Your job is to set down the stretch of entries that opens with the line containing "thumbnail image 1" and closes with the line containing "Map of Boulder CDP, Wyoming". Keep both end lines, copy each exactly, and add nothing.
··· INFORMATION PROVIDED
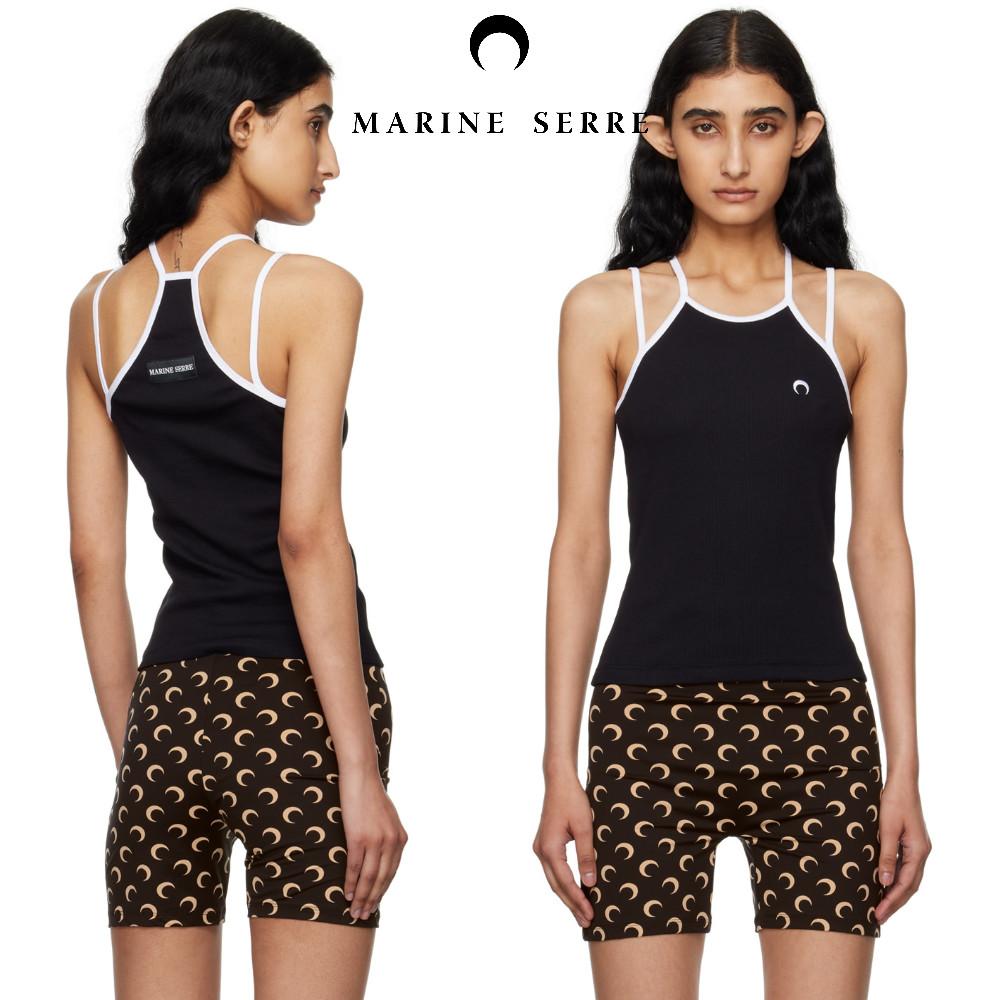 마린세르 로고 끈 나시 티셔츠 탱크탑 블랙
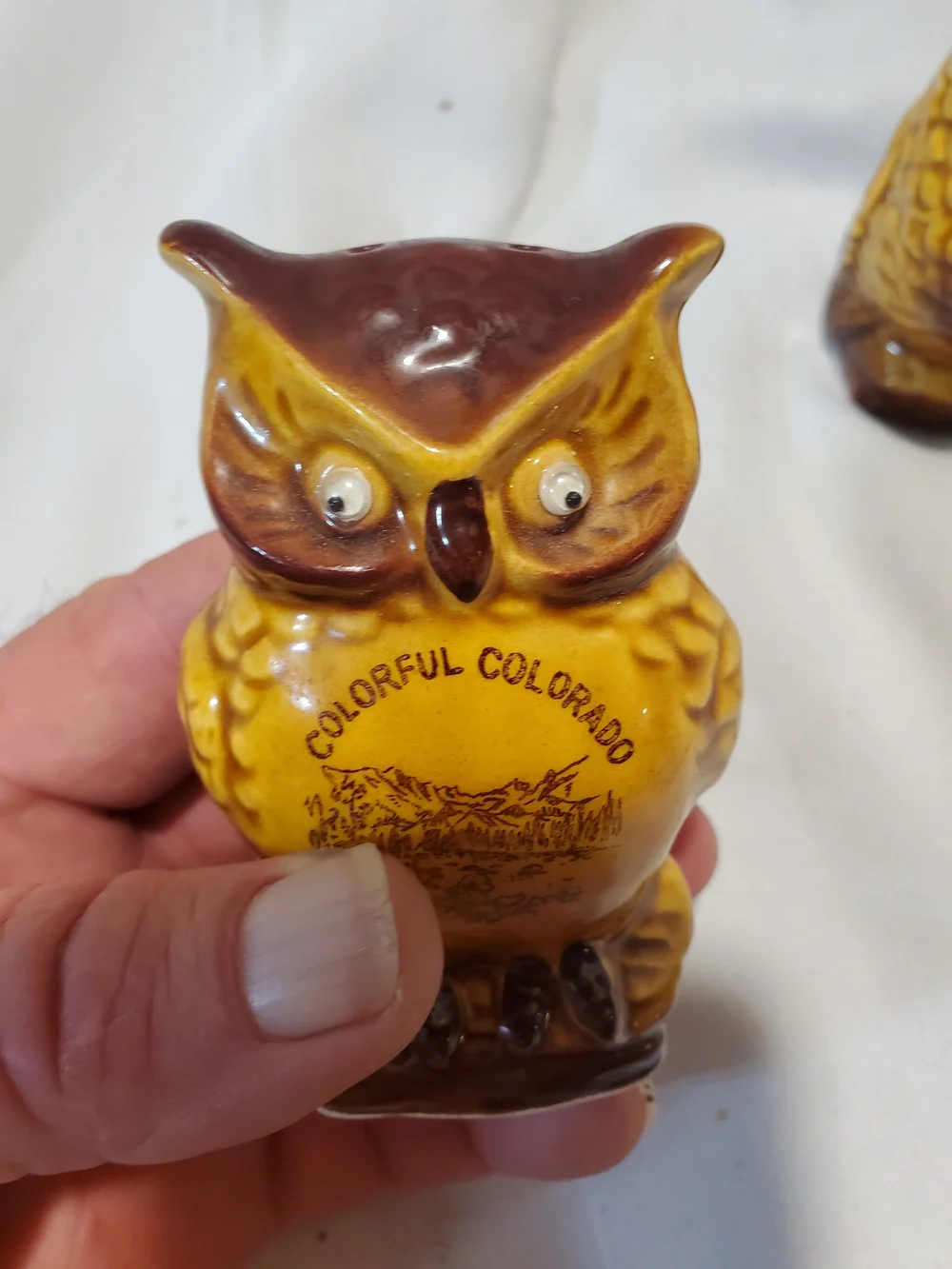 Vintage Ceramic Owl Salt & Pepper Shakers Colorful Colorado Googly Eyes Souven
······
··· INFORMATION PROVIDED
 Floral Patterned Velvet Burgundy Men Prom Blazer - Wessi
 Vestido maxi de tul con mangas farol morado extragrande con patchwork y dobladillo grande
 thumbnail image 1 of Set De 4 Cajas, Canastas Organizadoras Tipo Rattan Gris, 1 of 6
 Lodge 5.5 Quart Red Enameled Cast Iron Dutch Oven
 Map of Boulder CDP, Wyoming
······
● RESULT FOR THIS TASK:
 thumbnail image 1 of Set De 4 Cajas, Canastas Organizadoras Tipo Rattan Gris, 1 of 6
 Lodge 5.5 Quart Red Enameled Cast Iron Dutch Oven
 Map of Boulder CDP, Wyoming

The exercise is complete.